There was not a lot of 2e IMC afaicr - maybe [MENTION=326]Upper_Krust[/MENTION] can correct me, but I think we just used the 2e Bard class and the 2e monster XP numbers. Maybe the THAC0 tables. 1e Cavaliers normally cap at 3 attacks, but I took it up to 4, taking a leaf from BECMI.
 


S'mon

Legend
and that's before talking about non-standard PC races, like gold dragons. :)

I think that dragon PC lasted 1 or 2 35 minute lunchtime sessions before being killed by the Illithid abomination. :D

Gygax talks about monster PCs in the 1e DMG and there is a pic of a dragon PC fighting kobolds, so it wasn't totally out there. In 2e of course we had Council of Wyrms, with far more powerful dragon PCs.
 


So one more thing I forgot to mention while including my list about the dangers of extrapolating 1e to 5e is, perhaps, the most common; the fallibility of memory.
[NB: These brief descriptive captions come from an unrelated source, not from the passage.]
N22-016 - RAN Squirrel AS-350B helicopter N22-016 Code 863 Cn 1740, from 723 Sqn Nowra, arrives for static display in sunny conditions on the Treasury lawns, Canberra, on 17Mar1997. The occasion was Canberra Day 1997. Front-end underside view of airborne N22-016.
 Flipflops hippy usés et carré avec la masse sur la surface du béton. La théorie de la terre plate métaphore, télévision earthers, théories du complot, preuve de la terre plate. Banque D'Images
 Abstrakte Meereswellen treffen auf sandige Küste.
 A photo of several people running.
This is a side issue that often comes up when researching the history of the game; for example, when you're looking at original source documents from the 1970s and into the 1980s, you often deal with the issue that source material that contradict what people later describe to be the case. One easy example is the likely impact of Leonard Patt's game (based on Tolkein) on Chainmail. People forget, memories lie.

Heck, I know that from personal experience. I used to swear, up and down (pre-internet), that the first D&D module I played was B3 (The Lost City) with Zargon, and I know, I just know that I have memories of that.

But they weren't real. B3 was published in 1982, years after my first game. I had conflated the memory of my first game with playing B3, and I only realized that after I once looking up the date of publication and realized I was wrong.

I happen to recall a bit about 1e since that was my preferred ruleset until about, oh, three years ago. But the desire to bring aspects of play from the past on to 5e is not necessarily a desire to bring the actual past, but a desire to bring the remembered past, which may not always be the same thing.

Fallibility of memory indeed!! B3 was Palace of the Silver Princess, The Lost City was B4. :lol:
 


Ok, that link is insane and those players had way too much time on their hands or were way too generous with XP, etc., though I heard stories of those types of teenage gaming groups that handed out XP like candy on Halloween. But in all my years of playing 1E/2E, no party ever went past the low teens for level, and that was in campaigns that lasted years and were played weekly. I also think all those games used some or most of the 1E Unearthed Arcana without breaking anything. I also remember one campaign used a mixture of 1E and 2e because of the timing of the release of 2E, but campaigns after that one set aside the 1E books and used purely 2E only. I also never played in a campaign or with a group that was running the old Basic boxed sets, or who mixed any of the Basic stuff in with 1E, unless any of the houserules came from there and I did not know it.